Today is cold, but not slick and wet, so I intend to work loose leash outside of the fence with Emma for her lunch.  For breakfast we worked on Target and "metal bowls are not scary" again.  She won't put her nose in it yet, nor get near it to get kibble, but she's not skulking away when she sees the bowl any longer.  To aid her in not being afraid of the bowl I leave it in the middle of the living room when we are not using it and will over time start dropping high value treats in it all the dogs can have.  I may, for a bit, use it as a distance item also to have her go around it and really make it a nothing item in her world.

Since dropping the bowl scared her so badly, I am now sliding it a bit on the floor and tossing her treats and banging it softly and tossing her treats too.  I also drop items, on purpose, a distance from her and then toss her treats.  She'll be a full puppy, but hopefully the "sky is falling" reaction she's had to the bowl dropping or other loud sounds in the house will fade and she'll accept falling items in the house as part of everyday life.

I'll spend the rest of the winter and early spring working on getting her closer to the children at the bus stop without barking and then work on her Levels behaviors while strange children she's not met are nearby.  When the weather is much better I'll start taking her to outside of playgrounds while school is in session and work on her watching without reacting while children play.

Today's Lessons:


Emma is working on Level 2: Step 4 Target.  I took a break from Target when Emma decided the goal of the game was to lay before me and watch me intently.  I had to think how I was going to change that behavior and encourage her to target a post it note on a wall or other object.  Today we revisited the lesson with a brighter colored piece of duct tape stuck to my end table and Max nearby ready to demonstrate the goal of the lesson.

Once again Emma was curious about the tape, but didn't really get the idea to touch it.  I clicked for her looking at the end table and eventually looking at the tape, but she wasn't moving her body to touch the tape.  I asked Max to touch and he got up from his Mat, came over and touched the tape.  That seemed to start the forward progression I wanted.

Emma would still lay down and stare at me and ignore the end table or tape, so I would either stare at the tape or turn away from her until she got impatient and moved.  Anytime she looked at the tape I would click and eventually hold off the click until she got up and pointed to it with her nose.

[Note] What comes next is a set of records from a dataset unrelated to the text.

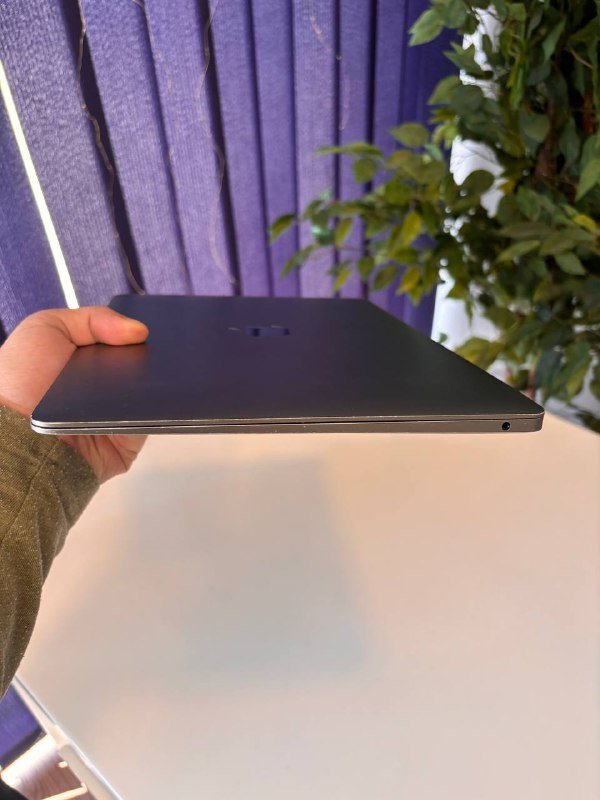 Macbook Air 2019 i5 8/256GB с зарядкой 3
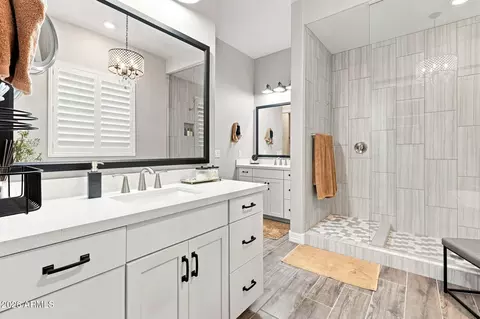 Bath - 1900 E Aster Pl, Chandler, AZ 85286 photo 5 of 6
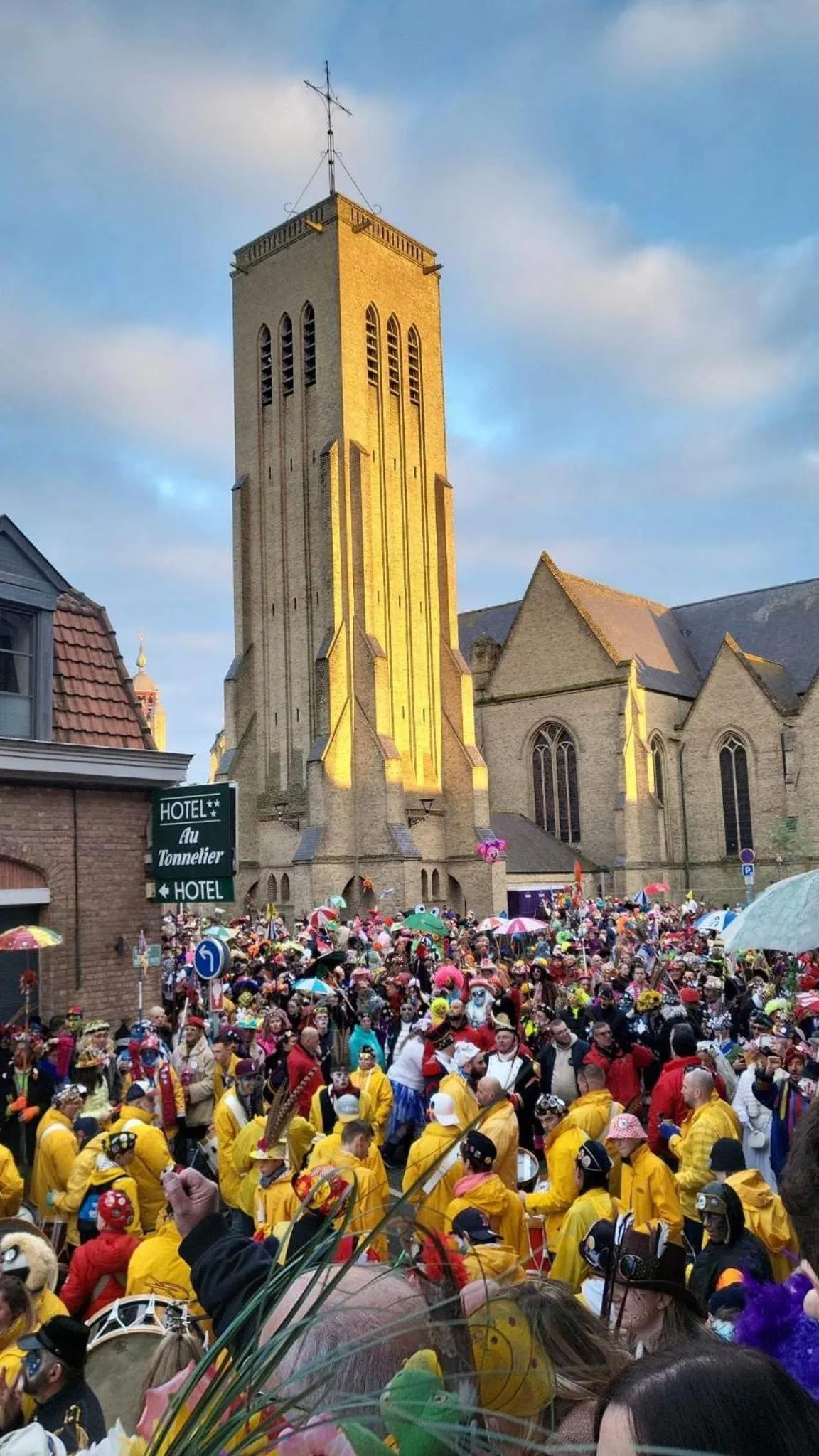 Entertainment in Hôtel - Restaurant Au Tonnelier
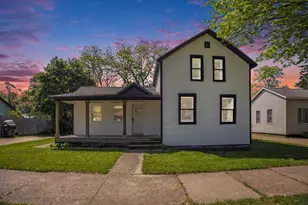 1929 Morton Ave, Muskegon, MI 49441 - Photo 1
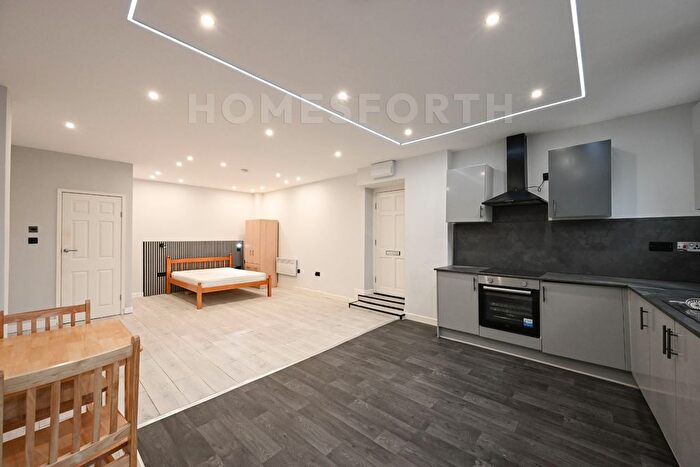 Studio To Rent In Bellegrove Road, Welling, DA16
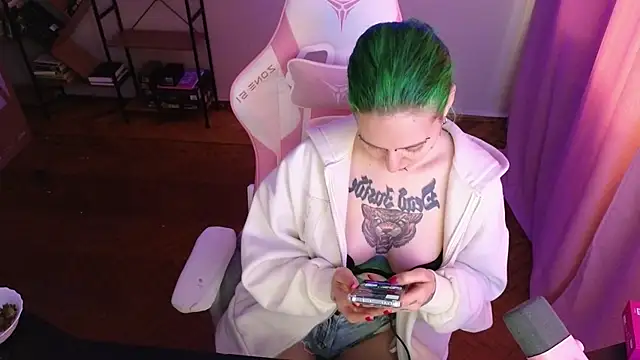 Ginger Stay online show from 06/01/26, 08:25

In the end she got the idea we were working on her touching the tape and did very well, but she still tends to stop and lay before me.  I will continue working on this in the one location until she's targeting the tape without thinking about it and then move it to a new location in the house.  Once we have that concept solid I will move toward her closing a cabinet door.

Lazy Leash

Emma is working on Level 2: Step 2 of Lazy Leash.  In this step Emma is asked to stand for a few seconds beside me with a loose leash and then take a few steps with me on a loose leash.  Emma has been doing well on this step, but not in higher distraction levels, such as going outside.  Today I planned on taking her outside to work on this step, which she has mastered in my house.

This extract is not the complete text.